▸ **EXERCISE BRIEF**: Can you pull out each line of the data below that includes the word "Avenue"?

▸ **EXERCISE DATA**:
☆ ☆ ☆ ☆ ☆ ☆ ☆
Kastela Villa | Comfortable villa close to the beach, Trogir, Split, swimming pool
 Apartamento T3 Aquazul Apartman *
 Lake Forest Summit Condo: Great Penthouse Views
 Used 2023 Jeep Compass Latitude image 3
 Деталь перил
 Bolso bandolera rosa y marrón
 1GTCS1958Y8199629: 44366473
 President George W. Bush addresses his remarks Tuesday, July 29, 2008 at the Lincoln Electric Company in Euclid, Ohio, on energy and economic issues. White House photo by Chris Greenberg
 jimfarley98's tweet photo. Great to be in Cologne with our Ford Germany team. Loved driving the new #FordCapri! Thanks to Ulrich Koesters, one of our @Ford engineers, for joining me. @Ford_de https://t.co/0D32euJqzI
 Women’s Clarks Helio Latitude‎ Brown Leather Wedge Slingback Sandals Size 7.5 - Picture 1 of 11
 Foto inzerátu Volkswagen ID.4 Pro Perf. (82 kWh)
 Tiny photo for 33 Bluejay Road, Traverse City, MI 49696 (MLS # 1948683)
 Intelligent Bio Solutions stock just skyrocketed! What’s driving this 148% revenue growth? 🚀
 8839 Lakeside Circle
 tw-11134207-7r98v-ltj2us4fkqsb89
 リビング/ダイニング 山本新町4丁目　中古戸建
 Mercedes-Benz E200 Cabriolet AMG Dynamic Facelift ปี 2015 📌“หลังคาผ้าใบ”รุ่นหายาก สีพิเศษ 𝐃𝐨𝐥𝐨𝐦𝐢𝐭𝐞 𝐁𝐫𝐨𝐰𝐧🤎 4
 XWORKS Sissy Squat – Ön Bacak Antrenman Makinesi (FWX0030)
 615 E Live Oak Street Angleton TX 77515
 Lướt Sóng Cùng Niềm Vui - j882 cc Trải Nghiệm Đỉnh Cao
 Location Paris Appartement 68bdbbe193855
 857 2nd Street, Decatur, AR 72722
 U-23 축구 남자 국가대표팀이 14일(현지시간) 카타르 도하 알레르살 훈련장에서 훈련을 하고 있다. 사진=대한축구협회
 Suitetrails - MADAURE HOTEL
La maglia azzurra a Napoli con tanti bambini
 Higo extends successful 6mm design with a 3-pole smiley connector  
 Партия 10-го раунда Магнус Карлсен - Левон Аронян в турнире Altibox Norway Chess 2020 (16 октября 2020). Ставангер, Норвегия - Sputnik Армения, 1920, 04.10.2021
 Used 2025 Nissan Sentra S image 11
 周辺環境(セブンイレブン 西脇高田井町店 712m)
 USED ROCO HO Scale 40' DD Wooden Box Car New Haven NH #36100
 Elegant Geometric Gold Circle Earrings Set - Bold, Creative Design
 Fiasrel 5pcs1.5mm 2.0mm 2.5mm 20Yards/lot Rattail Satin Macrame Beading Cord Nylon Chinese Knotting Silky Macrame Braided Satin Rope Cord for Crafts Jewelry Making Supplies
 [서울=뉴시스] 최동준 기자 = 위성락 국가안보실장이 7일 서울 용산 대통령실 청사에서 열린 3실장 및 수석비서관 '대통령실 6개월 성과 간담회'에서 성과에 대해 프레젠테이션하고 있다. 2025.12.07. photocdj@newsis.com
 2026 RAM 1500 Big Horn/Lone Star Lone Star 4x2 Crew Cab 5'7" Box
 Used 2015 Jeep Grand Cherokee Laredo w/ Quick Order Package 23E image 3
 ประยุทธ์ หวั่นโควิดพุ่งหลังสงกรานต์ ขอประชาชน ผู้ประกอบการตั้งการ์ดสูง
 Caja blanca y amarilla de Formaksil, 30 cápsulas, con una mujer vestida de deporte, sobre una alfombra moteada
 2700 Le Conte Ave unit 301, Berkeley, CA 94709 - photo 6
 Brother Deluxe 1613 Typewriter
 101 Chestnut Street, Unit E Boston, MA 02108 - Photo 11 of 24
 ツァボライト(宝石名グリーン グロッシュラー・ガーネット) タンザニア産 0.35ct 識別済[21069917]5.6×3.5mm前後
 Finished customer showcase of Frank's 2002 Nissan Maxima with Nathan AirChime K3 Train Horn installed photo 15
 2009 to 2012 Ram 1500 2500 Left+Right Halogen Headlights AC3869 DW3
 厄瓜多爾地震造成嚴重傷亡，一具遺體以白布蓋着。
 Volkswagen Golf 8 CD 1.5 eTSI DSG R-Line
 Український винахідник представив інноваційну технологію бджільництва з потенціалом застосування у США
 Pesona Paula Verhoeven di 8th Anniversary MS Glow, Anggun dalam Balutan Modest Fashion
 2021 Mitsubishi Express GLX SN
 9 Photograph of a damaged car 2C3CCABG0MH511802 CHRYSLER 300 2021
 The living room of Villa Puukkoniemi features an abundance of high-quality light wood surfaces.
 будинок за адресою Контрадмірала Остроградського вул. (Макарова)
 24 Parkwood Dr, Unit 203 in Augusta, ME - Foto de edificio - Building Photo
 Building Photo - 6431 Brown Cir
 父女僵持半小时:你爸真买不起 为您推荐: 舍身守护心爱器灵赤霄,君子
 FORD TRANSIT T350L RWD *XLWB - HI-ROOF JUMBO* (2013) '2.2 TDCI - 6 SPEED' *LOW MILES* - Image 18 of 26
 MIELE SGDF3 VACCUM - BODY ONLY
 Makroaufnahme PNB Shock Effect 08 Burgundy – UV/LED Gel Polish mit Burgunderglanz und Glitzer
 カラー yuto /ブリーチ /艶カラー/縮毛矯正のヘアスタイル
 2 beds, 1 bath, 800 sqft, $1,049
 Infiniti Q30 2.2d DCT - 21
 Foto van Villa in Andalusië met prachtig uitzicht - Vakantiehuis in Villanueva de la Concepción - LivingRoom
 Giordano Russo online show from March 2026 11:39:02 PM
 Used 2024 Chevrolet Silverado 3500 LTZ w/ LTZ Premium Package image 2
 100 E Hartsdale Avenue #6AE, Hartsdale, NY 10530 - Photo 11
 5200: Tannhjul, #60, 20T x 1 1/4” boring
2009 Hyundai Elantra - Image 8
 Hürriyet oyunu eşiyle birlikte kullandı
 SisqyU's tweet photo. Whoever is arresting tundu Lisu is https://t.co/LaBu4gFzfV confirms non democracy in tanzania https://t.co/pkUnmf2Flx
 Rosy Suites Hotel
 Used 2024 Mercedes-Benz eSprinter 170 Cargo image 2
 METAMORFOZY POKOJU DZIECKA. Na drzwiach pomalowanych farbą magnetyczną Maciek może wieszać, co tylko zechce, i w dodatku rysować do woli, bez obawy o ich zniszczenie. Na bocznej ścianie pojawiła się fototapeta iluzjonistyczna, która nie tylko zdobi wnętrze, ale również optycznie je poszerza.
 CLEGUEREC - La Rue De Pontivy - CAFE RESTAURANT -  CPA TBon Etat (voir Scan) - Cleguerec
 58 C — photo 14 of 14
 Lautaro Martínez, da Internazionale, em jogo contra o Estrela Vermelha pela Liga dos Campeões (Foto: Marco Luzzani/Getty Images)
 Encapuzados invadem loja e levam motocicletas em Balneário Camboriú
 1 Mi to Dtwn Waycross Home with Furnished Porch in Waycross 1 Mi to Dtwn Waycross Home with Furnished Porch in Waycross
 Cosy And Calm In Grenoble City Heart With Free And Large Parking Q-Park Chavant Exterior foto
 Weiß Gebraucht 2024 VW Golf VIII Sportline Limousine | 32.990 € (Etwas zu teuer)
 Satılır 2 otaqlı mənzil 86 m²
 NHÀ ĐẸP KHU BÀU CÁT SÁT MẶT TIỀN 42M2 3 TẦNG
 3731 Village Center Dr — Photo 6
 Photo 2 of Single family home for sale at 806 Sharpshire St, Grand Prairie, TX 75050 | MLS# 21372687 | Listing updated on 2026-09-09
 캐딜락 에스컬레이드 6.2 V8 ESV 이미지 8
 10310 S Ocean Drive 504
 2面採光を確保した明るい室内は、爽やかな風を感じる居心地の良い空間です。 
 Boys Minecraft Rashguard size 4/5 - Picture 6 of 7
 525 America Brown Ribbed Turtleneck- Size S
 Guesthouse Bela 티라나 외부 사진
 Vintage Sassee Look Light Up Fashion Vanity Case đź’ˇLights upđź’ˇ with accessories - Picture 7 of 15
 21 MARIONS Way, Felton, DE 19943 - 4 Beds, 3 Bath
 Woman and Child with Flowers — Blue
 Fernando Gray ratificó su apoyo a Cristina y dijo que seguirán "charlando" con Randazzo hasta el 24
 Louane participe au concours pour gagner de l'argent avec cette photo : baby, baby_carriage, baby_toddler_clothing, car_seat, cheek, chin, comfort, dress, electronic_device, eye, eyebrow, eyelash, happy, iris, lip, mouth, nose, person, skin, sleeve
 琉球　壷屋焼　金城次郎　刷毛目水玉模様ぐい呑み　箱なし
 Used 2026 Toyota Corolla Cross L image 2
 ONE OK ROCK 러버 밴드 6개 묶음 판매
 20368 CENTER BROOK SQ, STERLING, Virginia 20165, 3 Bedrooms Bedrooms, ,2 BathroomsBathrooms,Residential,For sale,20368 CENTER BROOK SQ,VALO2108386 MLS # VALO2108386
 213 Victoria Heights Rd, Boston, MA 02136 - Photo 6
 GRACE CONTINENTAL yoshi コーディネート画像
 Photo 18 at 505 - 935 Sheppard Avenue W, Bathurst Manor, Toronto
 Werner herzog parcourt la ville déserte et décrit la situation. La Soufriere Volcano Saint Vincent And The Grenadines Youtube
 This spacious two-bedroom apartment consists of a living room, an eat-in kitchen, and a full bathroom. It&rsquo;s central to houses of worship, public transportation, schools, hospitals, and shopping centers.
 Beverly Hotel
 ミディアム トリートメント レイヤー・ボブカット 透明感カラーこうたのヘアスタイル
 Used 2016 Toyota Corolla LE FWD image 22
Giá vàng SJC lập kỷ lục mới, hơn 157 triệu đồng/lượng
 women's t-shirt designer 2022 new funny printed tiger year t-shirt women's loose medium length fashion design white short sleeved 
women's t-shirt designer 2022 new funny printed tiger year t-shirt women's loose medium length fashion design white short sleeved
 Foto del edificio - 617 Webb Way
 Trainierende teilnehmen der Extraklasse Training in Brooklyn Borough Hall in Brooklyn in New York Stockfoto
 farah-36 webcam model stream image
☆ ☆ ☆ ☆ ☆ ☆ ☆
▸ **OUTPUT BELOW**:
 100 E Hartsdale Avenue #6AE, Hartsdale, NY 10530 - Photo 11
 Photo 18 at 505 - 935 Sheppard Avenue W, Bathurst Manor, Toronto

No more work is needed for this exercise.